Brett Bartholomew 02:17
And two of the ones we’re most excited about our Brand Builder workshop and our newly announced Art Of Coaching Speaker School. Now Brand Builder, what is that about? That it’s for anybody who wants to create something of their own? Maybe you thought about writing a book, maybe you thought about starting a website? Maybe you’ve already done these things, but you’re trying to scale it.
The bottom line is you’re generally go to bed at night thinking is there more I can do? What else should I be doing? How, how else could I help people and that is what this is for. Now for those of you that are off put by or put off rather for the name brand. Remember guys like with a brand, we’re not trying to tell you how to sell something a brand is all about how you relate to others, it’s hard to make a difference if you cannot scale your voice, your impact and get your message out.
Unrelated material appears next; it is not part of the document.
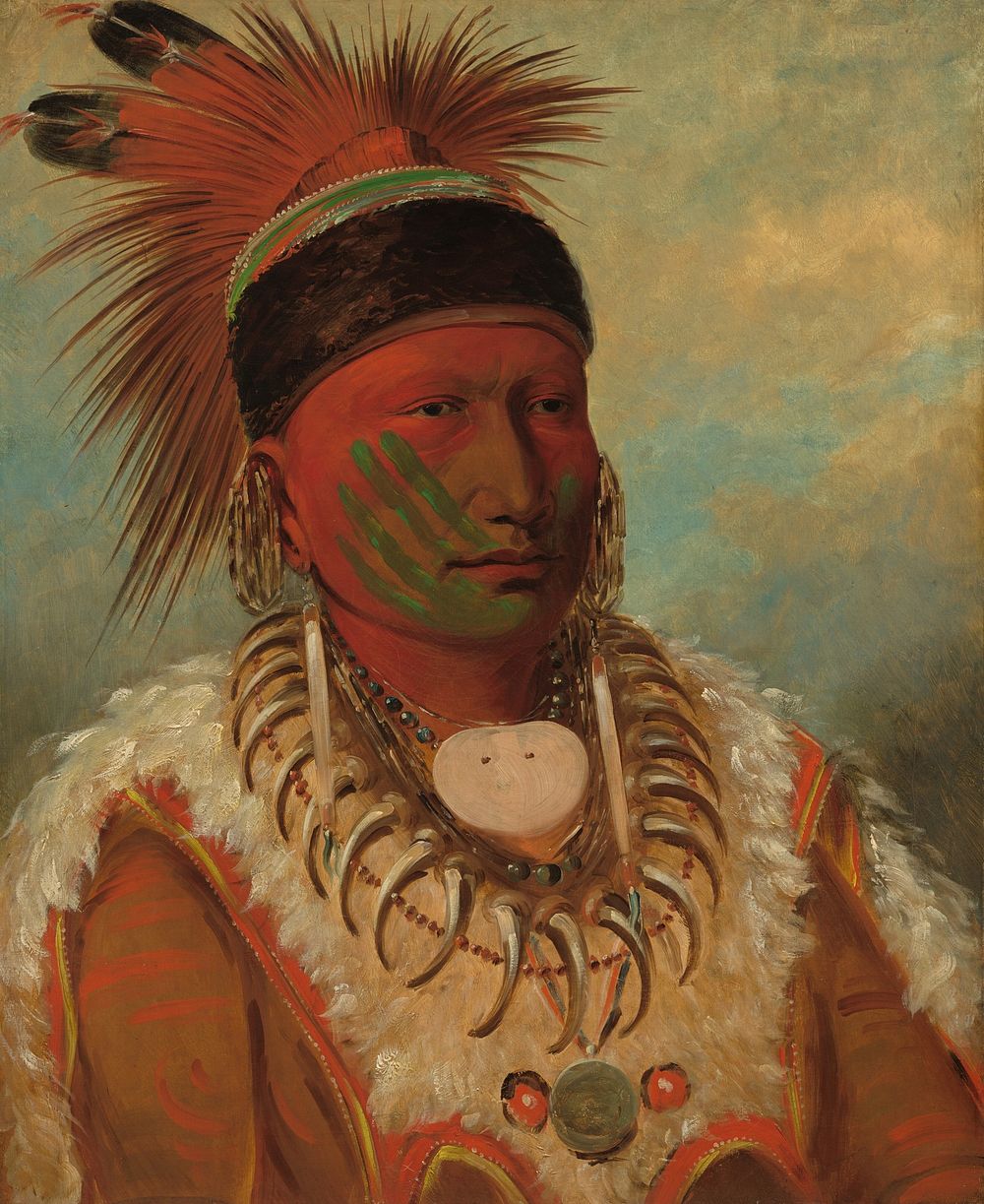 The White Cloud, Head Chief of the Iowas (1844/1845) by George Catlin.  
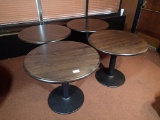 (4) Tables - 36in dia. Wood tops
So make sure to check it out.
We are hosting this March 19 and 20th We are doing a dinner at my house. Literally we’re hiring a chef we’re doing a dinner, this is something small and intimate. There’s you’re gonna get downloadable slides custom workbook, we make these things very, very interactive. So if you feel stuck, if you feel compelled to do something on your own, even if you love your job, if there’s something that you’ve always wanted to do on the side, or something that has called you for a long time, make sure to check it out.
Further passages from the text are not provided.